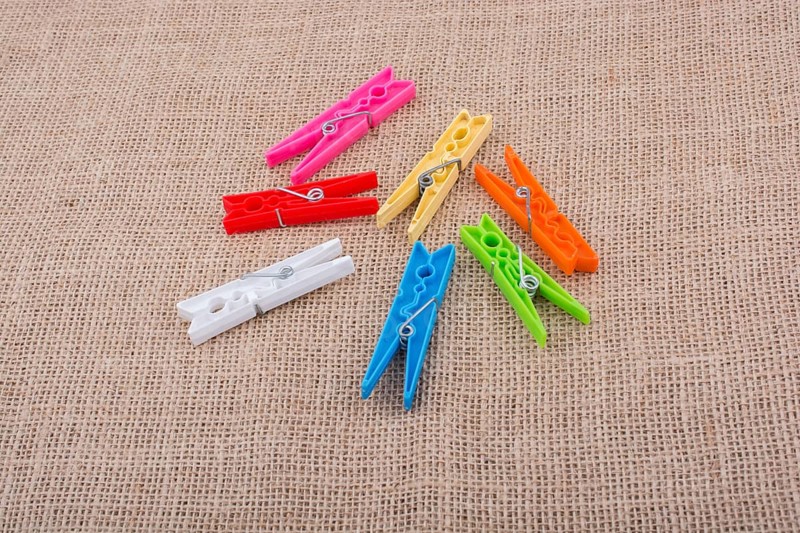Clothespins placed on a linen canvas background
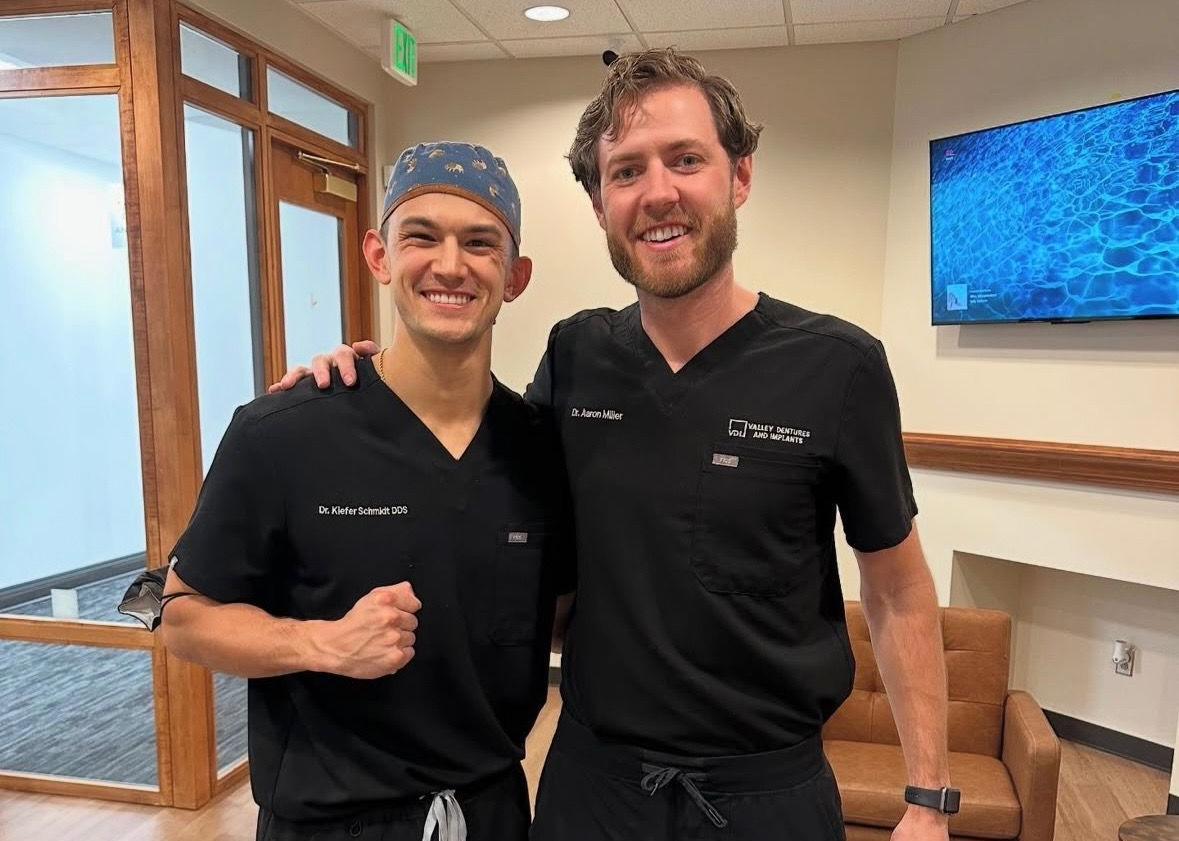 Dr. Aaron Miller smiles with a mentee in black scrubs in a dental office
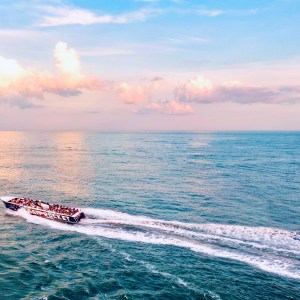 a body of water with smoke coming out of the ocean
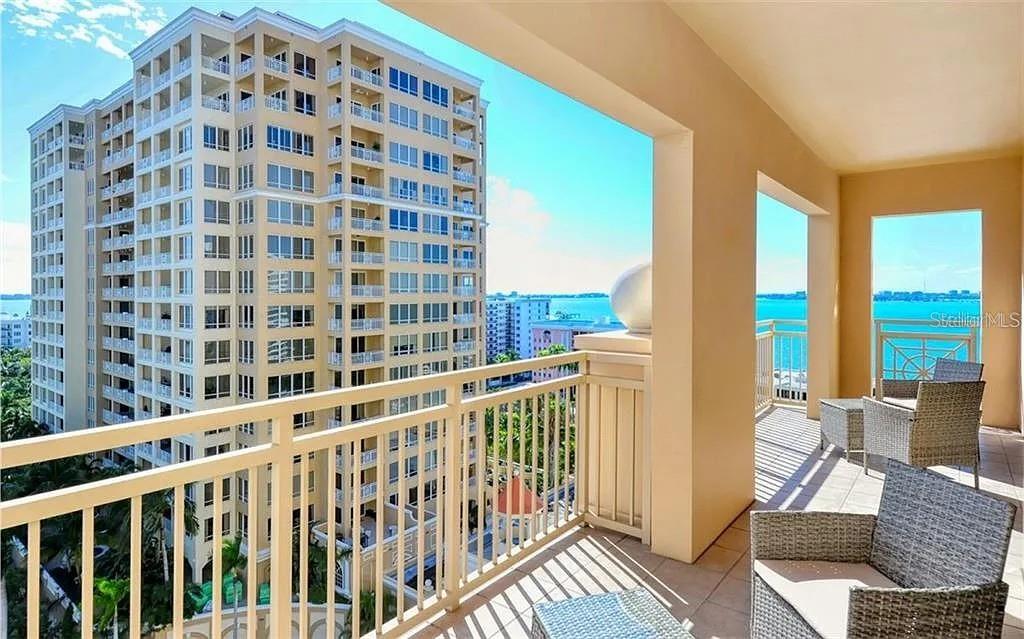 A balcony with wicker chairs overlooks a tall apartment building and a body of water — 1111 RITZ CARLTON DRIVE UNIT 1004, SARASOTA, FL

----

Work task> The line with "Dr. Aaron Miller" and each line after it, through the final line of the data, are to be duplicated exactly, with pictures left out and nothing more included.

Reply>
 Dr. Aaron Miller smiles with a mentee in black scrubs in a dental office
 a body of water with smoke coming out of the ocean
 A balcony with wicker chairs overlooks a tall apartment building and a body of water — 1111 RITZ CARLTON DRIVE UNIT 1004, SARASOTA, FL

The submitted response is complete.